Complessivamente «ammonta a circa 100 milioni, pari al 30% del totale previsto, la somma già stanziata per gli interventi di smantellamento e bonifica (decommissioning) all’interno della centrale casertana – spiega ancora Alfieri – che sono arrivati al 50% dello stato di avanzamento dei lavori». Resta però la parte più importante che è rappresentata dallo svuotamento del reattore e del suo cuore, il vessel, che genera il 99% della radioattività presente nel sito.
Dopo aver realizzato un deposito ex novo nell’area (D1), aver effettuato gli adeguamenti strutturali nell’altro deposito in funzione (Ex-diesel) e bonificato due delle tre «trincee» presenti nella centrale; resta ancora l’ultima delle quattro fasi dello smantellamento del camino da 90 metri che svetta sulla sfera-reattore.

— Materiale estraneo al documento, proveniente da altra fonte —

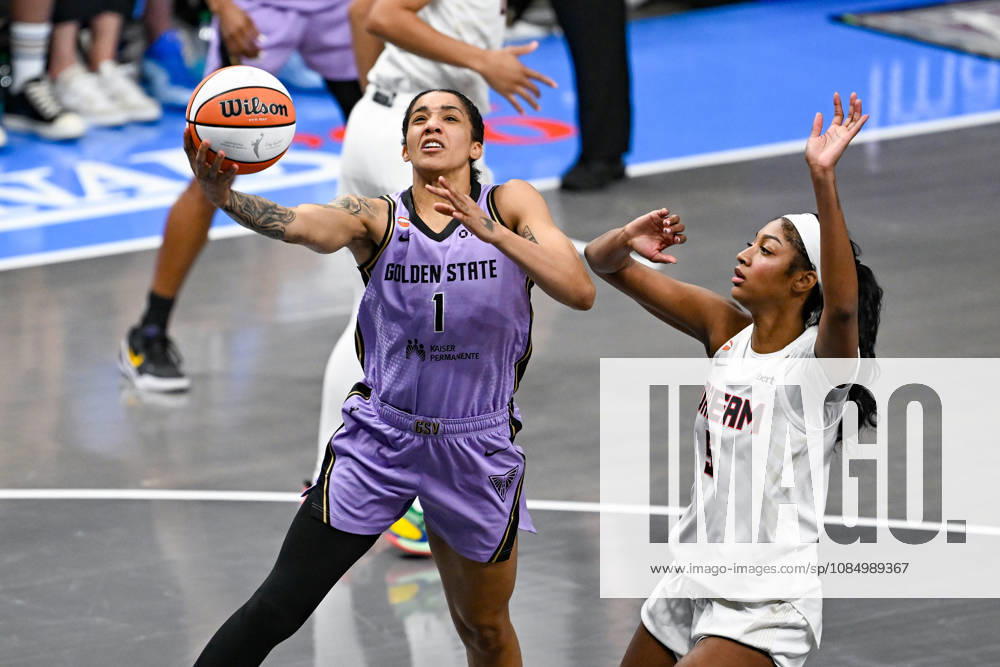 ATLANTA, GA - OCTOBER 24: Golden State forward Gabby Williams (1) drives to the basket during Game Four of the WNBA, Basketball Damen, USA finals between the Golden State Valkyries and the Atlanta Dream on October 24th, 2026 at State Farm Arena in Atlanta, GA. (Photo by Rich von Biberstein Icon Sportswire) WNBA: OCT 24 Finals Golden State Valkyries at Atlanta Dream Icon261024035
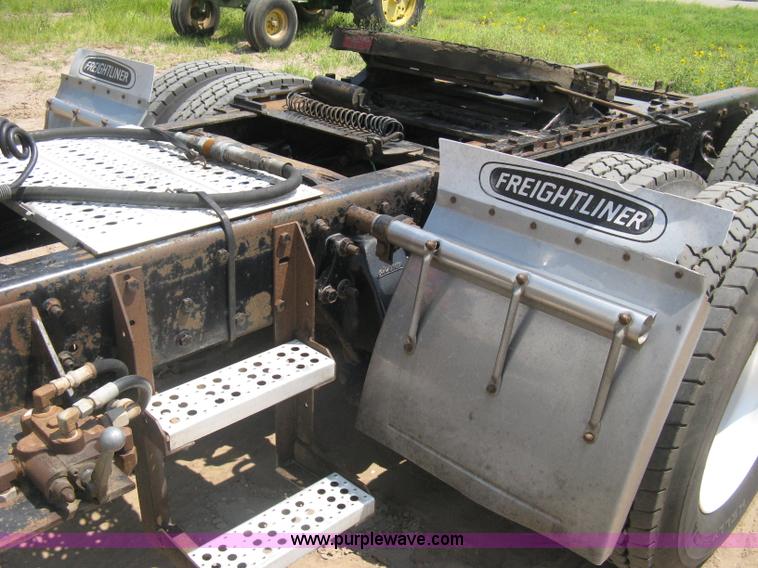 image for item H5336 2001 Freightliner Columbia 120 semi truck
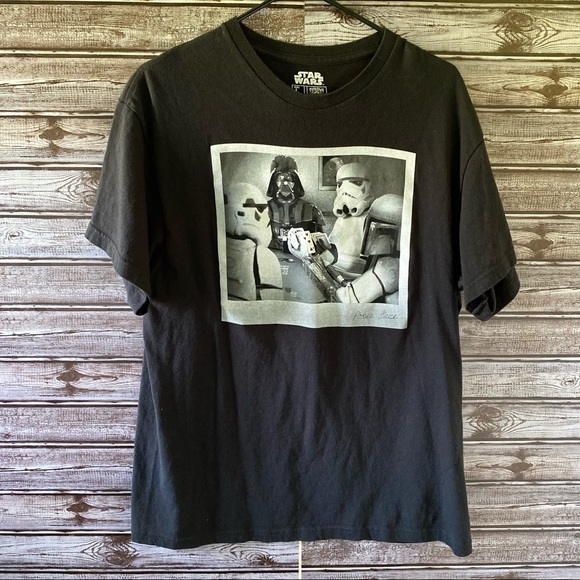 Star Wars "Poker Face" Graphic Tee Size L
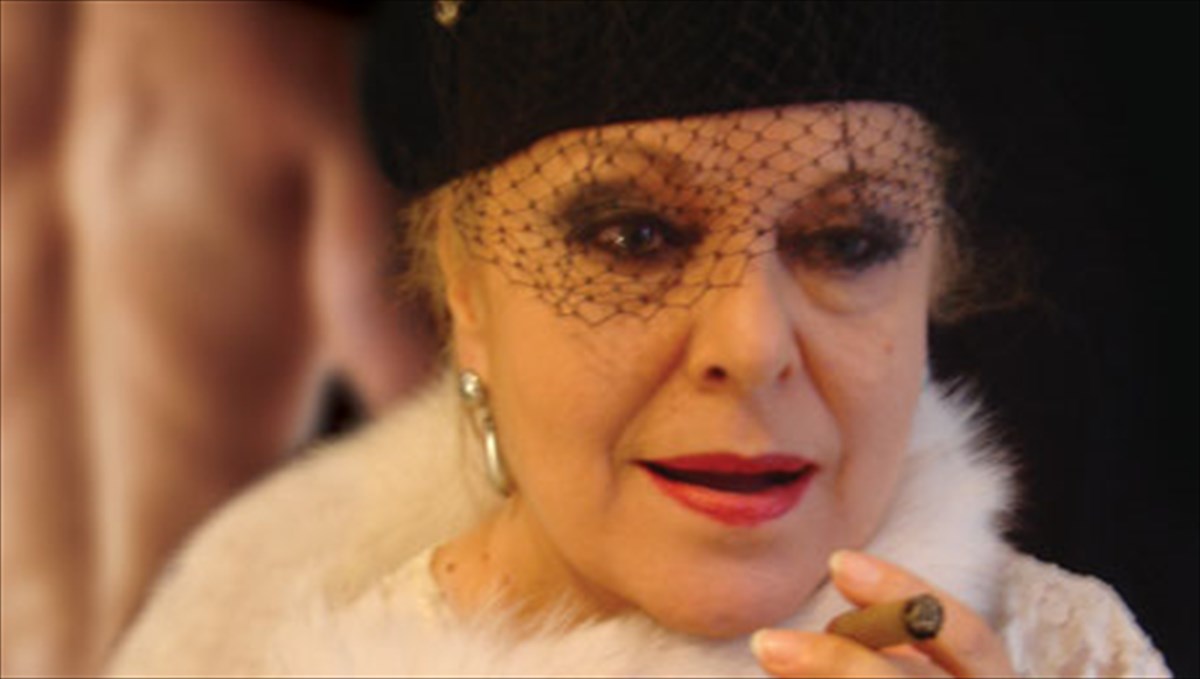 neos-kuklos-parastaseon-gia-ton-enato-gamo-tis-leias-bitali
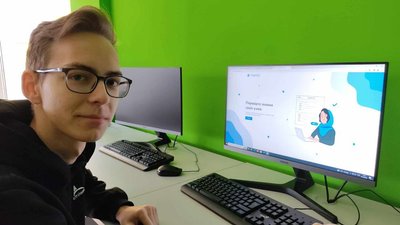Міжнародний конкурс "Infomatrix-2023": успішні комп'ютерні розробки житомирських ліцеїстів Міжнародний конкурс "Infomatrix-2023": успішні комп'ютерні розробки житомирських ліцеїстів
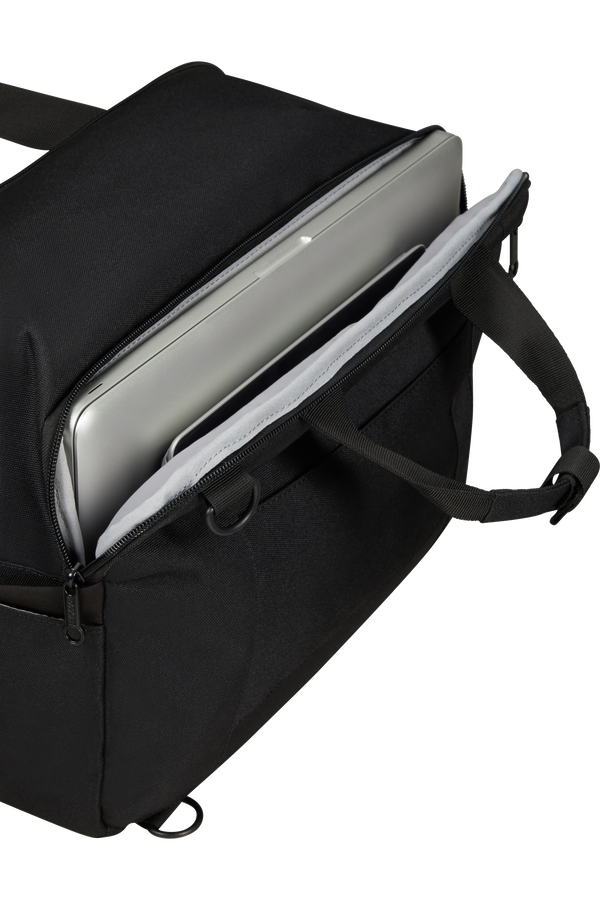 American Tourister UpBeat 3-Way Boarding Bag  Fekete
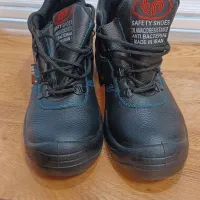 کفش ایمنی وکار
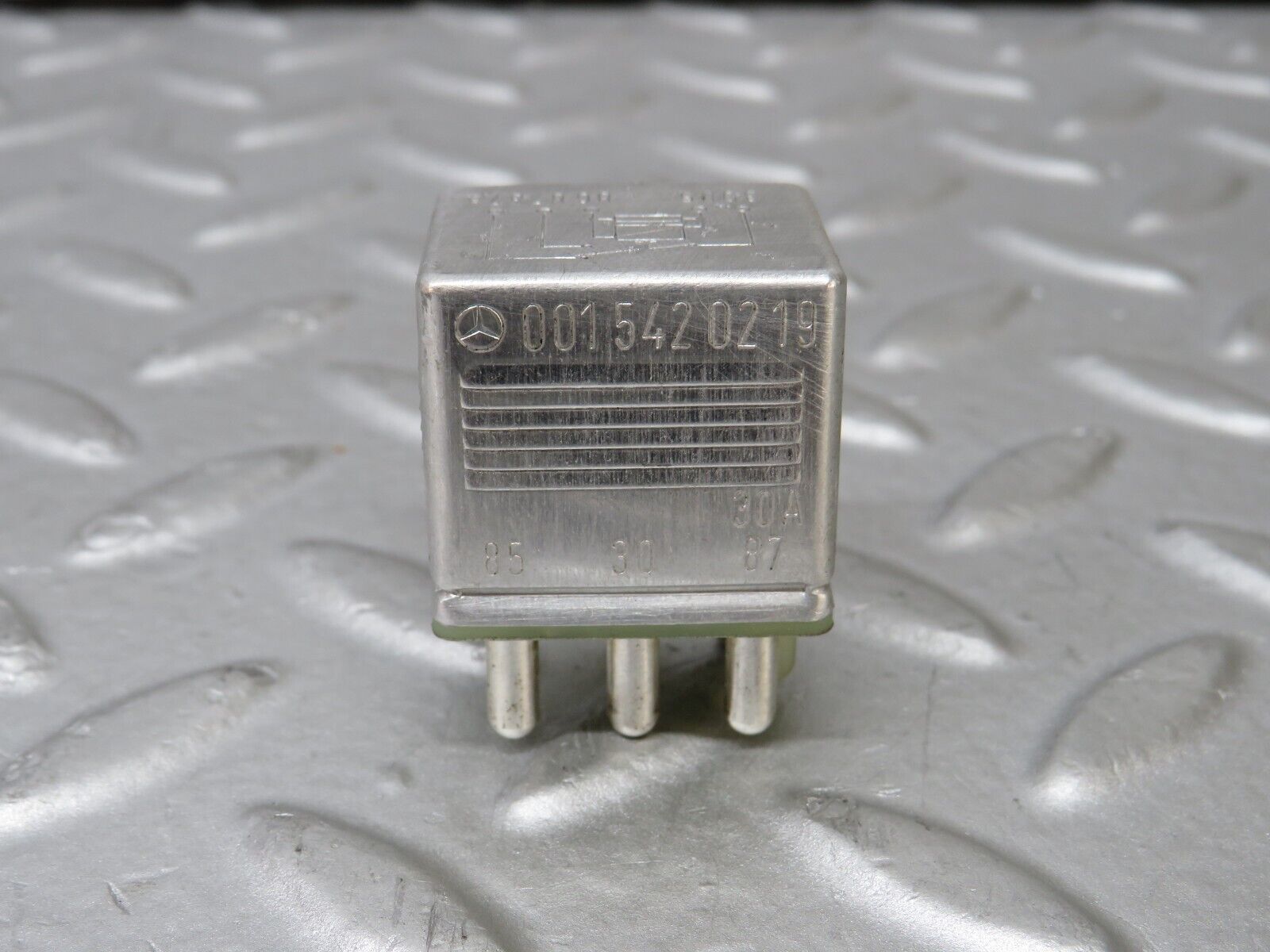 36906 Mercedes-Benz C126 420SEC Coupe Multi Purpose Relay 0015420219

Le prime tre sono già terminate, compresa la decontaminazione delle pareti interne – tecnicamente si chiama scarifica – effettuata con l’utilizzo di un robot di tecnologia italiana. Al suo posto sarà realizzato un nuovo camino alto un terzo che servirà a completare le ultime attività di decommissioning.
Il prossimo obiettivo è il reattore per cui è stato approntato un progetto che pende il nome di «Vega-vessel». «È certamente la sfida più impegnativa – spiega il direttore dell’impianto del Garigliano, Fabrizio Scolamacchia – che prevede tre fasi che contiamo di avviare entro il 2019».